**Available data**:
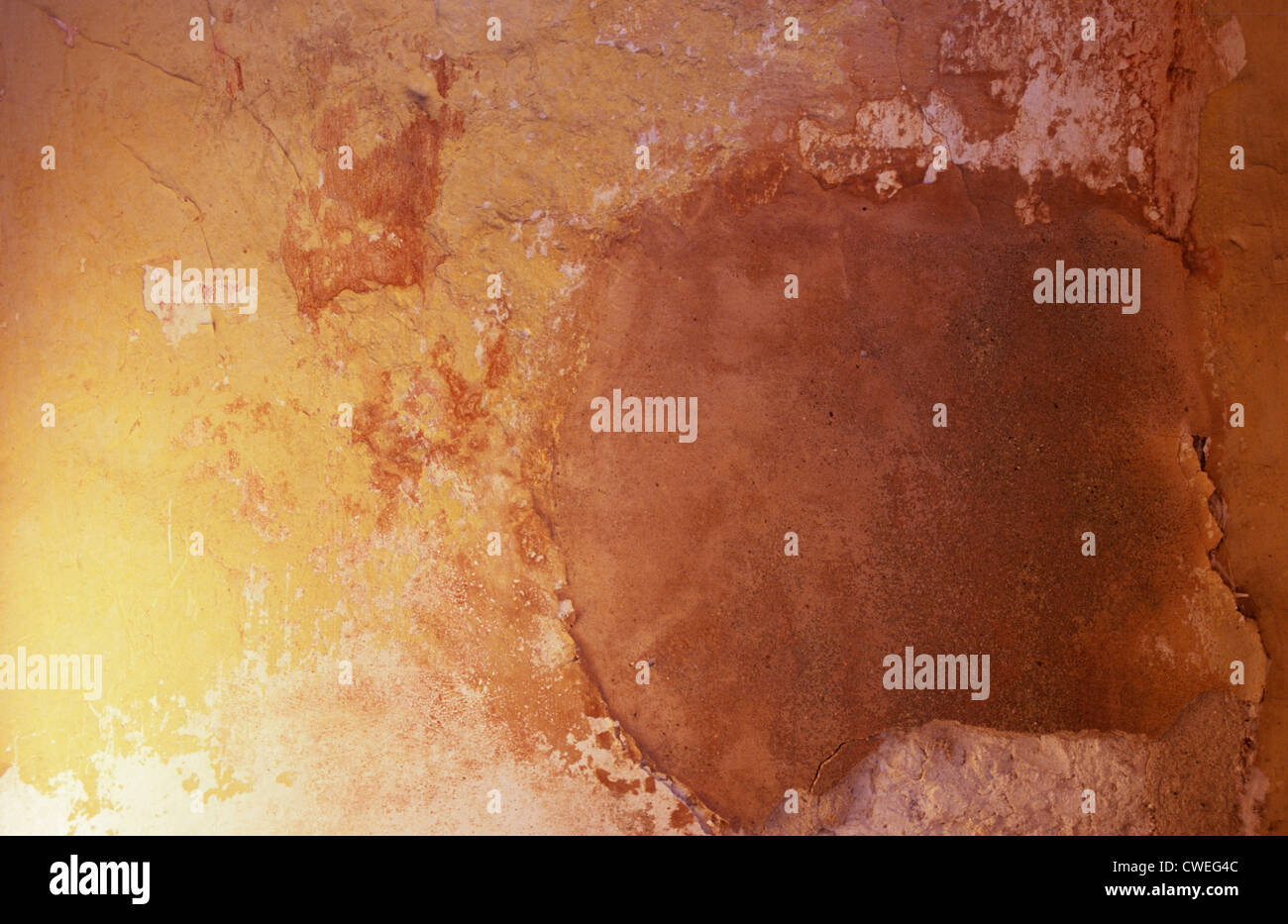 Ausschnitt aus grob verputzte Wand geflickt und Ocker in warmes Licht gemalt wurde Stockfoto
---
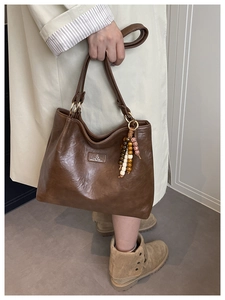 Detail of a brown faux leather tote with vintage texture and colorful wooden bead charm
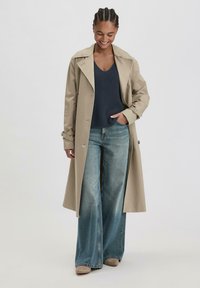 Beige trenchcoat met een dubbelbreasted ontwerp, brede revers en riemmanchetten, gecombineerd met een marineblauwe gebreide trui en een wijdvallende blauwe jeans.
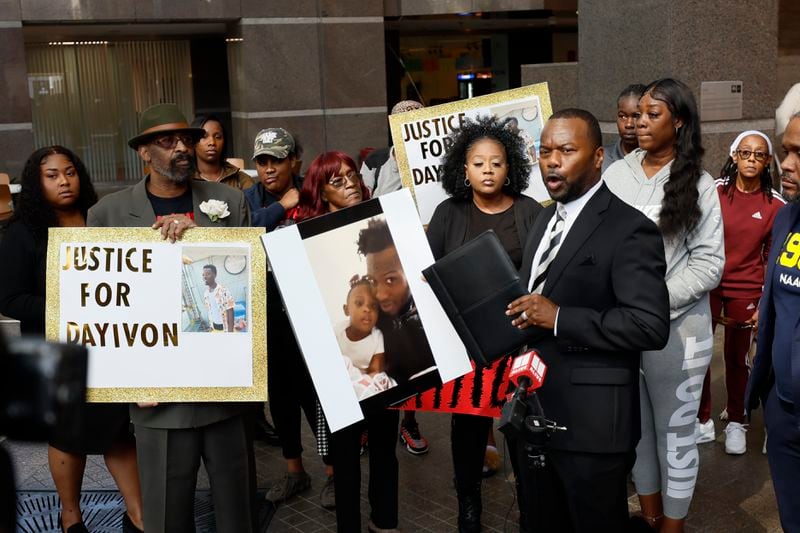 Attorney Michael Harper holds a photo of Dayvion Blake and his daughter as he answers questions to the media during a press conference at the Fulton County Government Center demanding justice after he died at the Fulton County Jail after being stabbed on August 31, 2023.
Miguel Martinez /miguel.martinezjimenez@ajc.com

**Activity**: When copying from the data above, print only the lines from the line containing "Beige trenchcoat met" to the line containing "Miguel Martinez /miguel.martinezjimenez@ajc.com", exactly, and leave the pictures out.

**The answer**:
 Beige trenchcoat met een dubbelbreasted ontwerp, brede revers en riemmanchetten, gecombineerd met een marineblauwe gebreide trui en een wijdvallende blauwe jeans.
 Attorney Michael Harper holds a photo of Dayvion Blake and his daughter as he answers questions to the media during a press conference at the Fulton County Government Center demanding justice after he died at the Fulton County Jail after being stabbed on August 31, 2023.
Miguel Martinez /miguel.martinezjimenez@ajc.com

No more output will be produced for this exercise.